Stored items from a collection
Start of Block
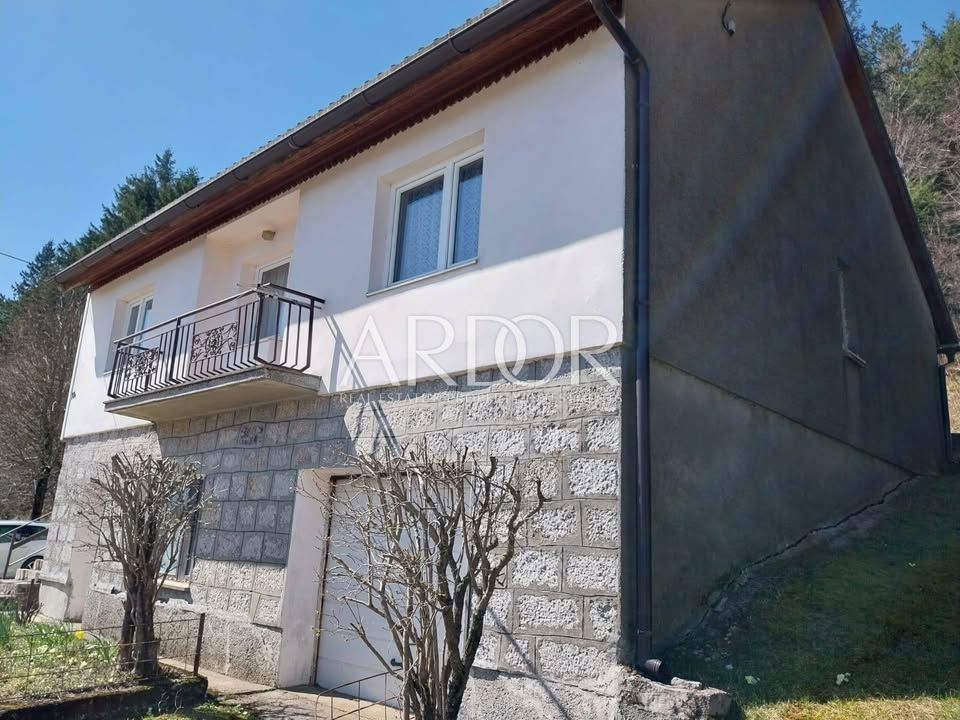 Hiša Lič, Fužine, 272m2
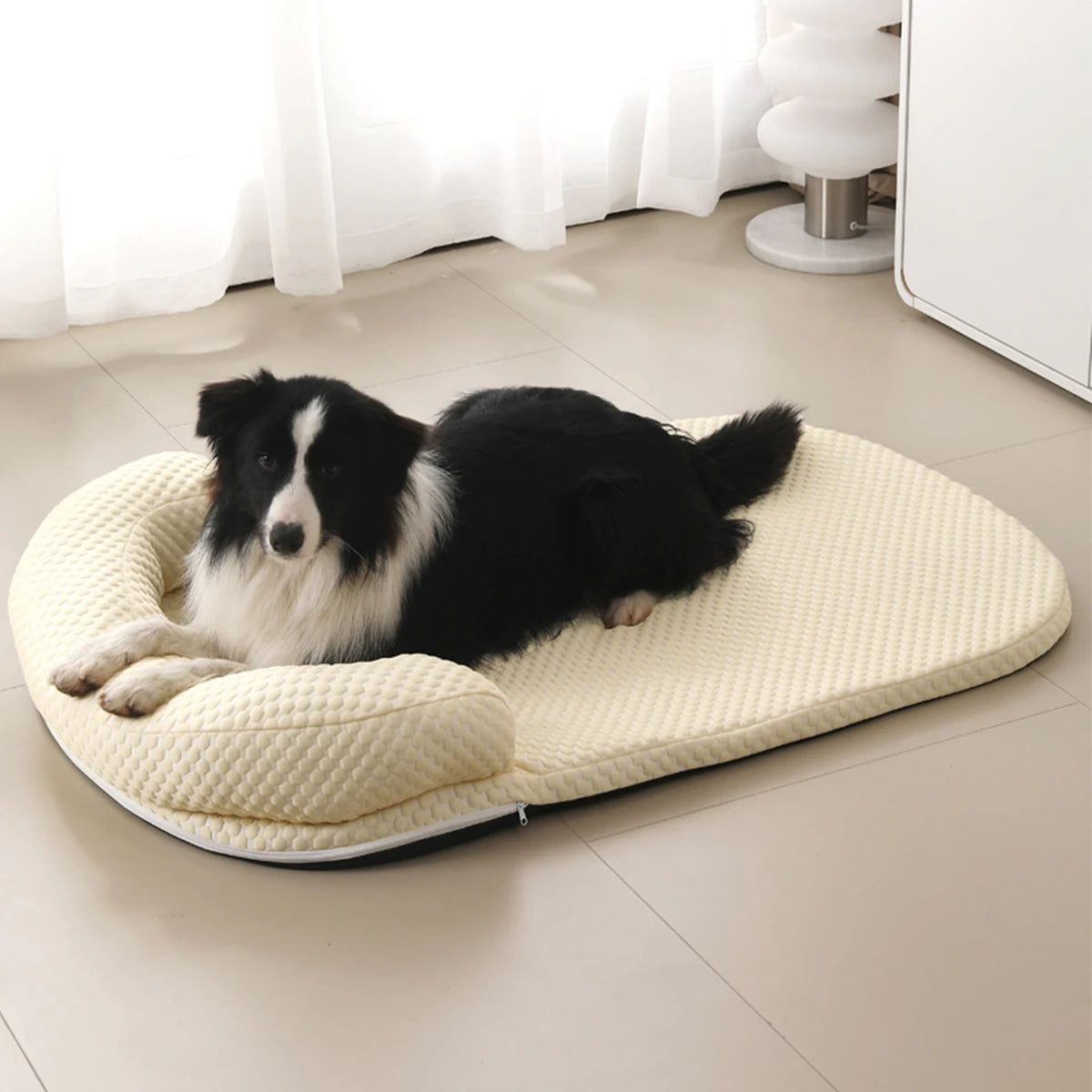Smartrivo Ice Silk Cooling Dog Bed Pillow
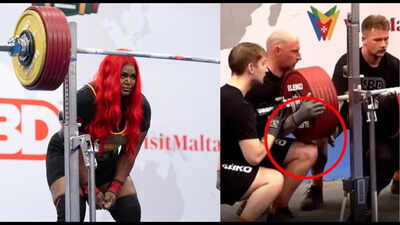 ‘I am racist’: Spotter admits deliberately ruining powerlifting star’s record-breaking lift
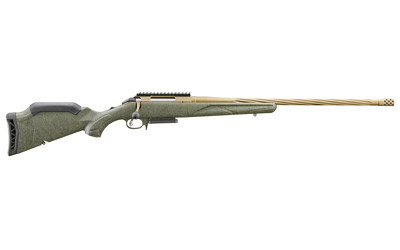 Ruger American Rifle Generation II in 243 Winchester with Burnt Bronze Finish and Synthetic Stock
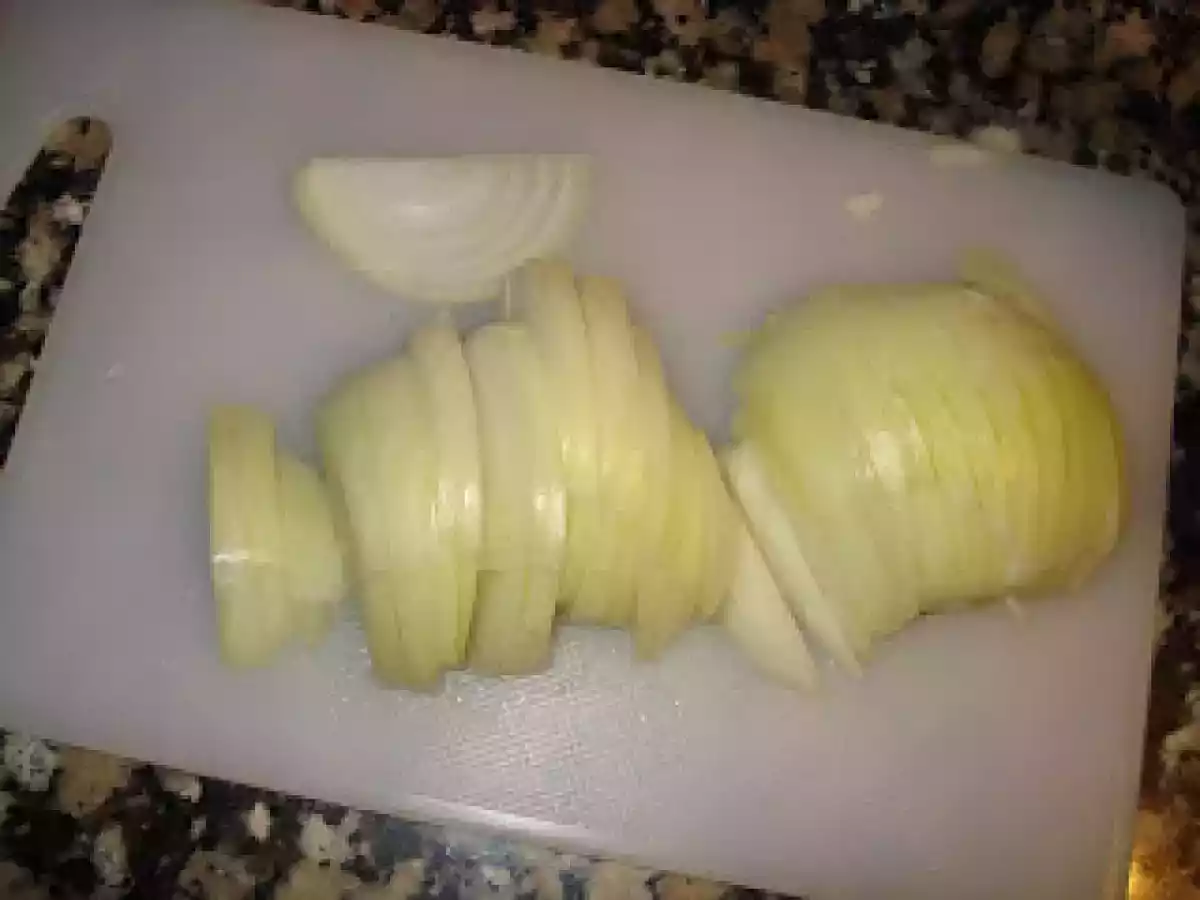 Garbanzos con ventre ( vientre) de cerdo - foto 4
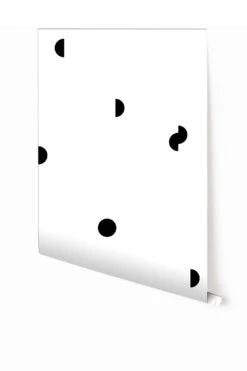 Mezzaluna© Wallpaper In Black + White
End of Block
PROBLEM TO WORK ON: Exactly repeat the data above; the pictures do not belong in your copy.

ANSWER BELOW:
 Hiša Lič, Fužine, 272m2
Smartrivo Ice Silk Cooling Dog Bed Pillow
 ‘I am racist’: Spotter admits deliberately ruining powerlifting star’s record-breaking lift
 Ruger American Rifle Generation II in 243 Winchester with Burnt Bronze Finish and Synthetic Stock
 Garbanzos con ventre ( vientre) de cerdo - foto 4
 Mezzaluna© Wallpaper In Black + White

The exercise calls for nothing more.